Collected data entries:
=== Section Start ===
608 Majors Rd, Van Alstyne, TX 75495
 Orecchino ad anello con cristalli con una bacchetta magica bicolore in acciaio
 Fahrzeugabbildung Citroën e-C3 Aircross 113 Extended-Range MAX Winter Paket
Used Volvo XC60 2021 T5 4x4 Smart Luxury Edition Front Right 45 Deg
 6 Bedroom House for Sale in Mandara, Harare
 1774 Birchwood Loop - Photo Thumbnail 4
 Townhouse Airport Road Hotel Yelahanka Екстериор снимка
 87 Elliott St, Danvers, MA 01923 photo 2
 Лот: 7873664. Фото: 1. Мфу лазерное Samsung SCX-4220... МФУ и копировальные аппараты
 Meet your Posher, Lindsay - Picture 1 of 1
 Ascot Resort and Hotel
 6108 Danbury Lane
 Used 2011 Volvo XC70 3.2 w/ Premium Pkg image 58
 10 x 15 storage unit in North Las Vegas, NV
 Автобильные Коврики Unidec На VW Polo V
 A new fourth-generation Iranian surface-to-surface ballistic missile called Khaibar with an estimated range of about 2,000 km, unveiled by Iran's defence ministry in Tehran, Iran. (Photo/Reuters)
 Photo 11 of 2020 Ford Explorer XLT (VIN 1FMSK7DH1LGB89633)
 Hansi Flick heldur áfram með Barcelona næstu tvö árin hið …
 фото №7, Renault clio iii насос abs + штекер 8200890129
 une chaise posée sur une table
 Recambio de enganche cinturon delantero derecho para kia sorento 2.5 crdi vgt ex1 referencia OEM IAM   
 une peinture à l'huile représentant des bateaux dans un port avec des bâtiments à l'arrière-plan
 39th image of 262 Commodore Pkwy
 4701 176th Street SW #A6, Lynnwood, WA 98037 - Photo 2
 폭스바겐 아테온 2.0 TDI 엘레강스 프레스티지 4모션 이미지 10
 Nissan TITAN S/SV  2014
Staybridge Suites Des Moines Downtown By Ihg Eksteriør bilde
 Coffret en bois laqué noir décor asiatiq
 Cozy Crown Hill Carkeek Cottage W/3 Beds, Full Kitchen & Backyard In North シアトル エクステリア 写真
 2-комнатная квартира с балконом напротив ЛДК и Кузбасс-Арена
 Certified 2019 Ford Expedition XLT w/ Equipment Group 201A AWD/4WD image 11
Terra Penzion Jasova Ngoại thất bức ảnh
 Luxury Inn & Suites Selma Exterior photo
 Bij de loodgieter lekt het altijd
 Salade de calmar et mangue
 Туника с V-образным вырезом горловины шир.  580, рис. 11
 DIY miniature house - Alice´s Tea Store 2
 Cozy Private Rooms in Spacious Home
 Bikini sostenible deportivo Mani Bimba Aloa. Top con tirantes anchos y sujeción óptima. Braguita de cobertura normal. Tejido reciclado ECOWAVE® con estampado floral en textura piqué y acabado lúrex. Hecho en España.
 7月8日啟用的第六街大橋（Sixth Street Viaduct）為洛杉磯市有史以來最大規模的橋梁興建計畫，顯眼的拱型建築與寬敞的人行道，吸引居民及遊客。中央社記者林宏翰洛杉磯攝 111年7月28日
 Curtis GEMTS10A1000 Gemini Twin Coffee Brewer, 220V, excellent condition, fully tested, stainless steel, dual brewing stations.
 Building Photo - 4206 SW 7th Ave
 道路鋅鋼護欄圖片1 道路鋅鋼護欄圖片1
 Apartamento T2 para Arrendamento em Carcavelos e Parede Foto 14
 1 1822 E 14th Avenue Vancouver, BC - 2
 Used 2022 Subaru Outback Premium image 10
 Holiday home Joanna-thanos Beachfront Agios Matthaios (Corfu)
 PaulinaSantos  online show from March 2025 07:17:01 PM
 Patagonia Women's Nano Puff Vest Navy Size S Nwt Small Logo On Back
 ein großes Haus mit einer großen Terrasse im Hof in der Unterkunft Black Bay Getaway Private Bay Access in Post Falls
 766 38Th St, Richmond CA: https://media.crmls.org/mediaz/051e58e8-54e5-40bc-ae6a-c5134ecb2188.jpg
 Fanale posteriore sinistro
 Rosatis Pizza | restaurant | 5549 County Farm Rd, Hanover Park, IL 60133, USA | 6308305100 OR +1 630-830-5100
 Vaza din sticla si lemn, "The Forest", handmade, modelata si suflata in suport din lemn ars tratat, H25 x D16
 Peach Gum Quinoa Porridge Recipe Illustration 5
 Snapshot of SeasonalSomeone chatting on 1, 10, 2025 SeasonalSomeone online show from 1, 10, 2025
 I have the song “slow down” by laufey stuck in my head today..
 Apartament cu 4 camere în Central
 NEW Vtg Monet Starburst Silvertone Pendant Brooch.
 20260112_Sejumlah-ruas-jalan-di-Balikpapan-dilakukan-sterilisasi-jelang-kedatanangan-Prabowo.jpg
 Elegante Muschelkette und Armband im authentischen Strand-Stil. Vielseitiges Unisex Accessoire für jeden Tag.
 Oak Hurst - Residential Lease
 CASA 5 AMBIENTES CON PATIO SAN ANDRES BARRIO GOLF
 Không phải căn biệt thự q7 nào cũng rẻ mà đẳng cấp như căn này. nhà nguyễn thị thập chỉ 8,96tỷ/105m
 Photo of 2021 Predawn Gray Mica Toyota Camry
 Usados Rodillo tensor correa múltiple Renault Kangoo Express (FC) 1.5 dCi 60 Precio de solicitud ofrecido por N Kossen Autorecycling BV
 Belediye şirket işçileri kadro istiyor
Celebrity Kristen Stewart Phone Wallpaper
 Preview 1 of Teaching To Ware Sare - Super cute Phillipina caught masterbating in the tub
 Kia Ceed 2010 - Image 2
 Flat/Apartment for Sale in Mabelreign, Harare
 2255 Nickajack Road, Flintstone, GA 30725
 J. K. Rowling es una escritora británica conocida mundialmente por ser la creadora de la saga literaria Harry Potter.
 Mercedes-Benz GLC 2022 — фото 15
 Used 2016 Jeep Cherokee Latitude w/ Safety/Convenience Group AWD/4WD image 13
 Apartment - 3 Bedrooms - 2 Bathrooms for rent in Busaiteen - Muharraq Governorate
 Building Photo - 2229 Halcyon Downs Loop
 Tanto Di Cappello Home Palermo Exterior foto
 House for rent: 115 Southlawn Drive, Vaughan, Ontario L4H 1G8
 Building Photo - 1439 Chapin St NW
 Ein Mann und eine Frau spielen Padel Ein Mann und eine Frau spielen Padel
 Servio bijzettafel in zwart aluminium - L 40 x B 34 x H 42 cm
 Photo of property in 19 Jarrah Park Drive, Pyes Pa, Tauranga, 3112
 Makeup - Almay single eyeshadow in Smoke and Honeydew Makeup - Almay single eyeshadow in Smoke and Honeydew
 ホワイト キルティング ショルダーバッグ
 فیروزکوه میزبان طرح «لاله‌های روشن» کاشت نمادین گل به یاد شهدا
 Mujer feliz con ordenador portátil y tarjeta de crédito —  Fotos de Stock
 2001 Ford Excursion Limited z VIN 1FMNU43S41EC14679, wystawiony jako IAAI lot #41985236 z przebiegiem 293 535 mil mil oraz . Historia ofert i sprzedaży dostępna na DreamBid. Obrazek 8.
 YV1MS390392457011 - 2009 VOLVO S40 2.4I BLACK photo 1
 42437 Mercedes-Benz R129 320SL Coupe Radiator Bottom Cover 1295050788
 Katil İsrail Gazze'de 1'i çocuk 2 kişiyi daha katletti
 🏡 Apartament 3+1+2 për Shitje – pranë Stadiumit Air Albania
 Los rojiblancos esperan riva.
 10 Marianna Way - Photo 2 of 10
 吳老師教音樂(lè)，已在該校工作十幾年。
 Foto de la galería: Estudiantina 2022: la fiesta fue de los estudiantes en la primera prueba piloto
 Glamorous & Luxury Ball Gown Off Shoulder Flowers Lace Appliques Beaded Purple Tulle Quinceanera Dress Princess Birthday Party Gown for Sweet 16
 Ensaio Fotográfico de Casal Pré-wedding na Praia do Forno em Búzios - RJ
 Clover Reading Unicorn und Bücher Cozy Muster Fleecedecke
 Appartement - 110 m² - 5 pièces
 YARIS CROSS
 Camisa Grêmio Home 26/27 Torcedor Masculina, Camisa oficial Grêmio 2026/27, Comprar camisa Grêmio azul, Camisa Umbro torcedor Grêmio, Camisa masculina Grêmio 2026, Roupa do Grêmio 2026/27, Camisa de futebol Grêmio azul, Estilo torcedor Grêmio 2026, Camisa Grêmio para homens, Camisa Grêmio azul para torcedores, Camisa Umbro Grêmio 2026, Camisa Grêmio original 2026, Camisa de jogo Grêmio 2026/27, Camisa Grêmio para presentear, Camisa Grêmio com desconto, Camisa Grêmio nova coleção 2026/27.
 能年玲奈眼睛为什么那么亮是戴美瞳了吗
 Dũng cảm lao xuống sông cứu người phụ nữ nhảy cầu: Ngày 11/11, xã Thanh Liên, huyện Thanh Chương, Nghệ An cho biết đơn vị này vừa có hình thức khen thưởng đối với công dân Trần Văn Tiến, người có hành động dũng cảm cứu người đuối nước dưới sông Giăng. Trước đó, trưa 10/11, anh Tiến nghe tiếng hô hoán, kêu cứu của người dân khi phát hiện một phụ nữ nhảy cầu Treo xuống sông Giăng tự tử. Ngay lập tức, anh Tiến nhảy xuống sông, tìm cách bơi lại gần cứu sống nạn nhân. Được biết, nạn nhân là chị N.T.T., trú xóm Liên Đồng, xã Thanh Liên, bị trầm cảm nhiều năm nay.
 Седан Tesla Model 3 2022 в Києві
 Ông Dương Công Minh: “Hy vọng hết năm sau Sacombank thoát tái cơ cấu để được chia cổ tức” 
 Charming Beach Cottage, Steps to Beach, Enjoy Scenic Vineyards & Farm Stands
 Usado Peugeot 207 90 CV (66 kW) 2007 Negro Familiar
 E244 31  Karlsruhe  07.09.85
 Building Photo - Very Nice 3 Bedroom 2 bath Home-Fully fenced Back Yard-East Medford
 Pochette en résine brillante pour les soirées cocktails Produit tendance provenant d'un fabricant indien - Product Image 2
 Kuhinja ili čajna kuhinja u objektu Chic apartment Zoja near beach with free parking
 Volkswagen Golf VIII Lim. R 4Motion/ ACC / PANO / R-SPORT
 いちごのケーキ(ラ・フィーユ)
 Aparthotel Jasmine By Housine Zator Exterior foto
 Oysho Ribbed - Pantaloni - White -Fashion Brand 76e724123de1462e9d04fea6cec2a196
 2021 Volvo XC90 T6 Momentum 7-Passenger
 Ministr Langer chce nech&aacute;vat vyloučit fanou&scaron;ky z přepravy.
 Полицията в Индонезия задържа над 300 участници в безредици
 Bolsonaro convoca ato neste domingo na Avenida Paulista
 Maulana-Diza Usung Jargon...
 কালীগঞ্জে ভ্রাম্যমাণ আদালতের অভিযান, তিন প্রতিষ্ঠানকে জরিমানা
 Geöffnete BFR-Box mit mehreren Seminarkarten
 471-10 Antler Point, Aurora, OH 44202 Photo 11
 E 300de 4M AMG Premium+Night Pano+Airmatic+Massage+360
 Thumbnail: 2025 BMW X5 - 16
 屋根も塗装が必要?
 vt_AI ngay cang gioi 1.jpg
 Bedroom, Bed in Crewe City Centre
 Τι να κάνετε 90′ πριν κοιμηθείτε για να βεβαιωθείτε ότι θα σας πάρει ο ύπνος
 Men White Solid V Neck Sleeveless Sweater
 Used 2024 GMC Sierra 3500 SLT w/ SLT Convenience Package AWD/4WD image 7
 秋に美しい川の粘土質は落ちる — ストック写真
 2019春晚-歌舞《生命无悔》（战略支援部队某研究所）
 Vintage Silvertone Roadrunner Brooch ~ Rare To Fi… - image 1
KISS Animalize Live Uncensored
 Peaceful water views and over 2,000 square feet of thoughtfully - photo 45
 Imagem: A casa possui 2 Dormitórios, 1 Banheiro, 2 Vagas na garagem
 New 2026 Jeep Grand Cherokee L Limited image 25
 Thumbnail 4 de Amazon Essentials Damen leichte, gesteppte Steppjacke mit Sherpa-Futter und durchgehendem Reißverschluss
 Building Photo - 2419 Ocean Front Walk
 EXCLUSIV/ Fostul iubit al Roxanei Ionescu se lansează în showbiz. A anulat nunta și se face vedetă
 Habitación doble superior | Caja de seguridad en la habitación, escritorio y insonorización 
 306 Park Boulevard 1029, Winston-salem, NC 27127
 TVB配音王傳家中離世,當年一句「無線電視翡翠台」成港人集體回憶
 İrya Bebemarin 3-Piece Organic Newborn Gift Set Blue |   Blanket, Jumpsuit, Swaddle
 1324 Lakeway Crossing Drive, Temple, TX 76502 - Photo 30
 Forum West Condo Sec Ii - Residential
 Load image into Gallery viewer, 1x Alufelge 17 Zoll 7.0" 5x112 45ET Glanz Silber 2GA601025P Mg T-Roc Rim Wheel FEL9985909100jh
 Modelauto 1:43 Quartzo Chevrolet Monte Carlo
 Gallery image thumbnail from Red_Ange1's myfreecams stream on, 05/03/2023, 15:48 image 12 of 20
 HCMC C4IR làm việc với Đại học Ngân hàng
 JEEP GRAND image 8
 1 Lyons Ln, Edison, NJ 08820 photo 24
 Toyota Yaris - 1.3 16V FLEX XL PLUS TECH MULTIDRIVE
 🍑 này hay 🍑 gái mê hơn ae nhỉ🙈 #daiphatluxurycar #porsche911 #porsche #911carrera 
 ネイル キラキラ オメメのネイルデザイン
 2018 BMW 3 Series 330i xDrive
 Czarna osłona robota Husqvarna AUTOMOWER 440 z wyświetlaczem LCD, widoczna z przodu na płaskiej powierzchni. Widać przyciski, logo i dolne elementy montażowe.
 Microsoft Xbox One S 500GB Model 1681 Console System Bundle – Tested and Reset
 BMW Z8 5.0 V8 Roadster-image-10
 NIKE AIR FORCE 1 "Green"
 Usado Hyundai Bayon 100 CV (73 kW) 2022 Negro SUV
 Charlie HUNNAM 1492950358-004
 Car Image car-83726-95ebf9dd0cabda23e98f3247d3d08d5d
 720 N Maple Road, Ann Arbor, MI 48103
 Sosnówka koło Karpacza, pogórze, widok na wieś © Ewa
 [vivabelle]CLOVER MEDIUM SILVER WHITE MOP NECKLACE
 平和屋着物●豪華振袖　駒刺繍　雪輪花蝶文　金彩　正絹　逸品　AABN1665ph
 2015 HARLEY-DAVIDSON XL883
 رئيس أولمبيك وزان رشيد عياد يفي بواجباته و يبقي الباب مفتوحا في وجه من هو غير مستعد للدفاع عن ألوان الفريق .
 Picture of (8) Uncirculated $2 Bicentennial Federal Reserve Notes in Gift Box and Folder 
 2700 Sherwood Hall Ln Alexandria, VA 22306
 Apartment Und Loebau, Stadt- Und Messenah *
=== Section End ===
● YOUR GOAL
Write out exactly the lines above from the line with "Hansi Flick heldur" through the line with "Recambio de enganche", both of them included, and leave out all other lines.

● ANSWER SPACE
 Hansi Flick heldur áfram með Barcelona næstu tvö árin hið …
 фото №7, Renault clio iii насос abs + штекер 8200890129
 une chaise posée sur une table
 Recambio de enganche cinturon delantero derecho para kia sorento 2.5 crdi vgt ex1 referencia OEM IAM   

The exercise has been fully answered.